E quindi è la domanda che ricorre più spesso, nella mente del lettore. La sensazione predominante, per un numero di capitoli, è che Albinati non stia cercando di arrivare da nessuna parte. Non ci sia un punto, uno statement, che sta cercando di fare. Il che di nuovo non sarebbe necessariamente un male – in piccole dosi. Ma quando dalle piccole dosi passiamo alle letterali centinaia di pagine, la situazione si modifica. Sì perché dopo centinaia di pagine che stiamo girando attorno a un argomento – dopo centinaia di pagine che stiamo dicendo cose su di esso, certo, ma senza una direzione esatta, la fatica è inevitabile. Lo stesso autore a pagina 758 ci omaggio di un: “Io avevo bisogno di molte chiacchiere per avvicinarmi a un concetto, persino al più elementare, come se le parole inutili servissero a incamminarsi in una direzione senza avere idea se fosse quella giusta, tanto per uscire dallo stallo. Tuttora è così, per me.” Senza rendersi forse conto degli effetti collaterali della verità di quella frase.

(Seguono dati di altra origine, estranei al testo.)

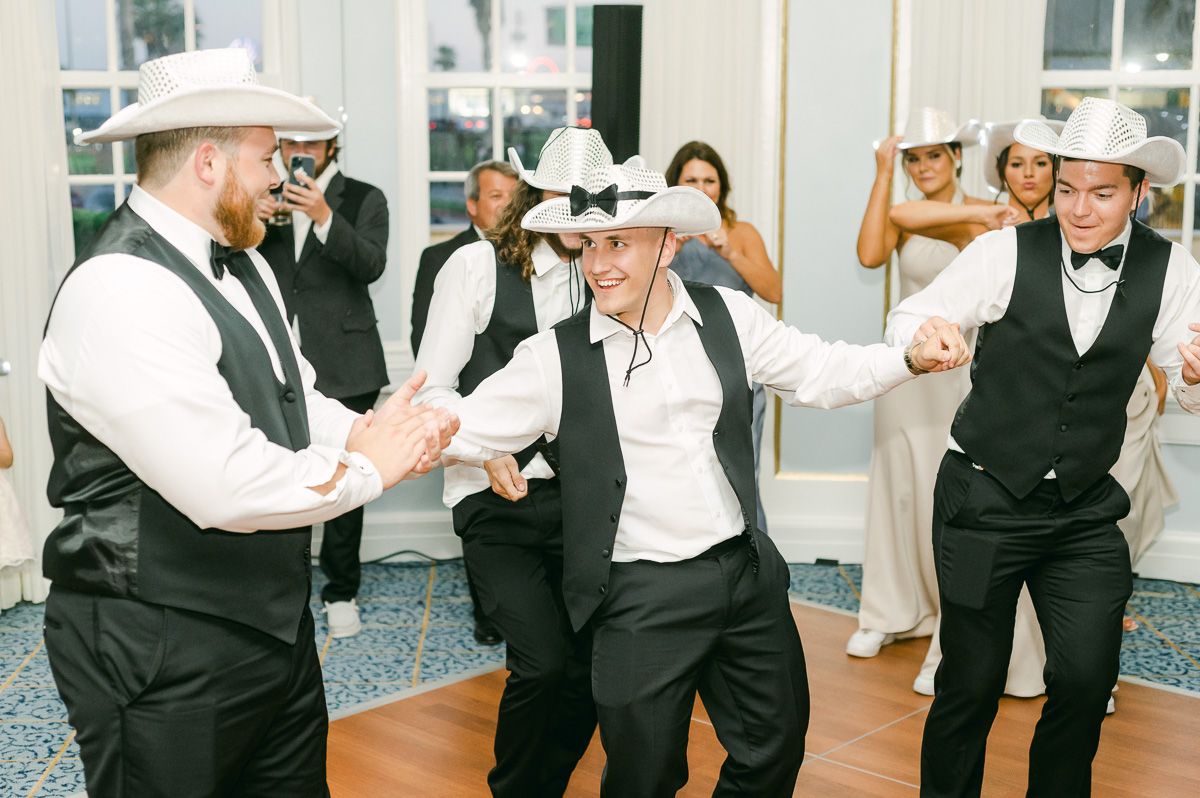 guests dancing at a wedding reception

Non credo di averne goduto meno perché mi mancava la nostalgia del tempo (che per forza di cose non ho vissuto). Così come la mia sopportazione è solitamente alta per le cose regolarmente riconosciute come noiose. E nonostante tutto l’eccitazione nel vedere spuntare un nome proprio, nella pagina successiva, è stata impossibile da reprimere.
In definitiva, La Scuola Cattolica è un po’ come il quartiere Trieste dopo il delitto del Circeo. All’interno di esso si nascondono elementi diversi, con le qualità per passare alla storia, ma sono perfettamente nascosti all’interno di un quartiere di normalità impressionante.
Mi assumo il peso delle mie parole quando dico che se qualcuno ritagliasse e incollasse assieme tutte le parti del romanzo di narrativa e le unisse ai saggi sull’adolescenza e ai pochi estratti dal resto degli argomenti, il risultato sarebbe un romanzo con un potenziale straordinario. Capace, molto probabilmente, di sopravvivere ad Albinati stesso.
Lo si potrebbe addirittura chiamare un classico, ma, per citare l’autore: “il problema della verità è se dirla o non dirla”.